Sur la dite " gestion
" des ressources humaines, expression convenue que
je n'aime pas mais que j'emploierai
néanmoins
(1)
on pourrait partir d'une analyse globale du
système éducatif (plus d'un million
de personnes) avec sa grande complexité,
pour se rapprocher du " terrain " (selon un autre
mot convenu), en courant le risque que tel un
mirage, on ne l'atteigne jamais. Dans ces quelques
lignes, je voudrais montrer qu'en
réalité l'essentiel des questions
abordées sur ce thème relèvent
avant tout de l'humain. Elles se jouent au plus
près des acteurs et la confiance entre
enseignants et personnels d'encadrement est
absolument nécessaire.
Je m'appuierai sur des exemples concrets
inspirés de mes positions institutionnelles
successives, dans des structures publiques de
l'État.

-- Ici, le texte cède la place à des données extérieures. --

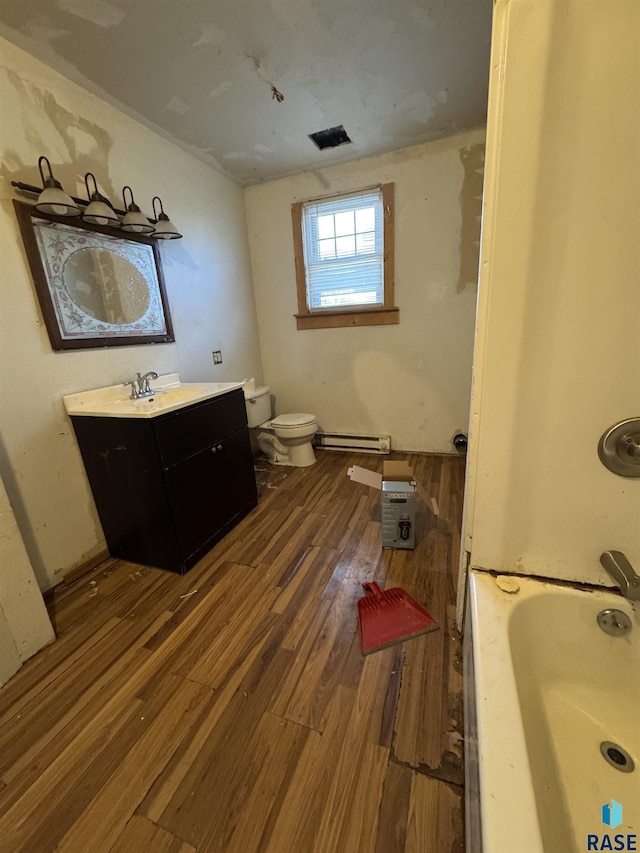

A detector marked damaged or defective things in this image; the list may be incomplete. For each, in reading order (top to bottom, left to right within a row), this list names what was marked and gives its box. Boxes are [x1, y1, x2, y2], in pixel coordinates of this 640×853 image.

peeling ceiling paint [0, 0, 492, 186]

Elles illustrent ma thèse :
il ne peut y avoir de gestion des ressources
humaines que de proximité et en confiance
(2)
n'en déplaise à la technostructure
nationale et ses " alliés objectifs " : la
majorité des organisations syndicales.
J'observe avec tristesse que trop d'énergie
est dilapidée et que trop de temps est
consacré à des questions
bureaucratiques, hiérarchiques,
corporatistes et verticales, " à la petite
semaine ". Elles sont empreintes de
méfiance, alors qu'il faudrait se mobiliser,
dans la confiance, sur les réseaux
fonctionnels horizontaux. Agir là où
les acteurs construisent le sens de leur action.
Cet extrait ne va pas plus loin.